§ **Information given**
'''
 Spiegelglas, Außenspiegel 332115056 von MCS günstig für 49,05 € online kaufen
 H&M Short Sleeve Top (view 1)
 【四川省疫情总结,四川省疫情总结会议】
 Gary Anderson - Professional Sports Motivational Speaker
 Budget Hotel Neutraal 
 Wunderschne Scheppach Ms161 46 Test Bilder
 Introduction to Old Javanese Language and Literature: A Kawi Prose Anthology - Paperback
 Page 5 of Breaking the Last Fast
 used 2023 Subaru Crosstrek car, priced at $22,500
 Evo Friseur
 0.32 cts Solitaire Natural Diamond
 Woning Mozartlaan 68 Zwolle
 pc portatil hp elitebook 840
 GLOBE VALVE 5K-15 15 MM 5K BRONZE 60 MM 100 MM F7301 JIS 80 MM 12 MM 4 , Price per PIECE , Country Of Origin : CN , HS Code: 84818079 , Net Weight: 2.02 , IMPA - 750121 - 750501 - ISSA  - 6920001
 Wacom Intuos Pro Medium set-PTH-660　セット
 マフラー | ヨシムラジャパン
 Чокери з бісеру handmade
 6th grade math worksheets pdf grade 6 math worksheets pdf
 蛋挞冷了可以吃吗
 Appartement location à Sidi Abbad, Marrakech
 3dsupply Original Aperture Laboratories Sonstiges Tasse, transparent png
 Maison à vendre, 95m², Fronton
'''
§ **About this exercise**
From the opening line of the data above, please print each line as written up to and including the line that contains "Page 5 of Breaking the Last Fast", and nothing more.

§ **Solution to this exercise**
 Spiegelglas, Außenspiegel 332115056 von MCS günstig für 49,05 € online kaufen
 H&M Short Sleeve Top (view 1)
 【四川省疫情总结,四川省疫情总结会议】
 Gary Anderson - Professional Sports Motivational Speaker
 Budget Hotel Neutraal 
 Wunderschne Scheppach Ms161 46 Test Bilder
 Introduction to Old Javanese Language and Literature: A Kawi Prose Anthology - Paperback
 Page 5 of Breaking the Last Fast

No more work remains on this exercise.